However, either type of system may be used only in a place inside or outside a building where its guide post can be fixed to a wall or the like. Also, the stage body cannot have a depth greater than the height of the post. In other words, the depth of the stage body is limited by the height of the post. Therefore, if either type of system is manufactured for use in a place with a floor-to-ceiling height of only 3 to 4 meters, such as a schoolroom, a recreation room or an assembly room of a school or a kindergarten or in an assembly room, a council room or a grand hall of a hotel or the like, the system cannot have a stage body having a depth of more than 3 to 4 meters. Thus it may further be said that the depth of the stage body is limited by the height from the floor to the ceiling.

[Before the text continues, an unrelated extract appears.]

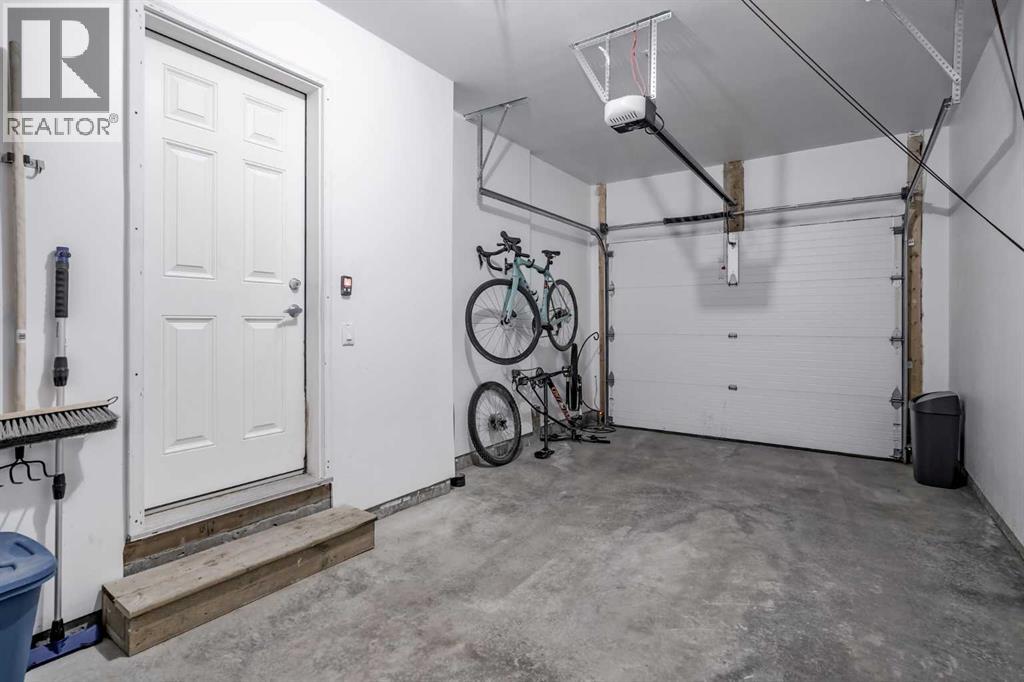 228 Cranbrook Square SE - 32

A stage system similar to the foregoing ones was also proposed in Japanese Application for Registration of Utility Model No. 52-82315 (published under No. 60-25482) filed in the name of the inventor hereof.

Also, a folding stage system was proposed in Japanese Patent Application No. 41-44861 (published under No. 45-30907 and corresponding to U.S. patent application Ser. No. 509138 filed Nov. 22, 1965). This stage system includes a pair of stage components connected to each other so that the components can be displaced from horizontal positions to opposed vertical positions. Thus, if the stage system is used in a room having a floor-to-ceiling height slightly greater than the "folded height" of the system, the system may be so unfolded as to have a depth much greater than the floor-to-ceiling height. That is, the depth of the system is not limited by the floor-to-ceiling height. Also, if a plurality of such stage systems are arranged on a floor in such a manner that the systems make contact with one another, a stage with a desired area may be obtained.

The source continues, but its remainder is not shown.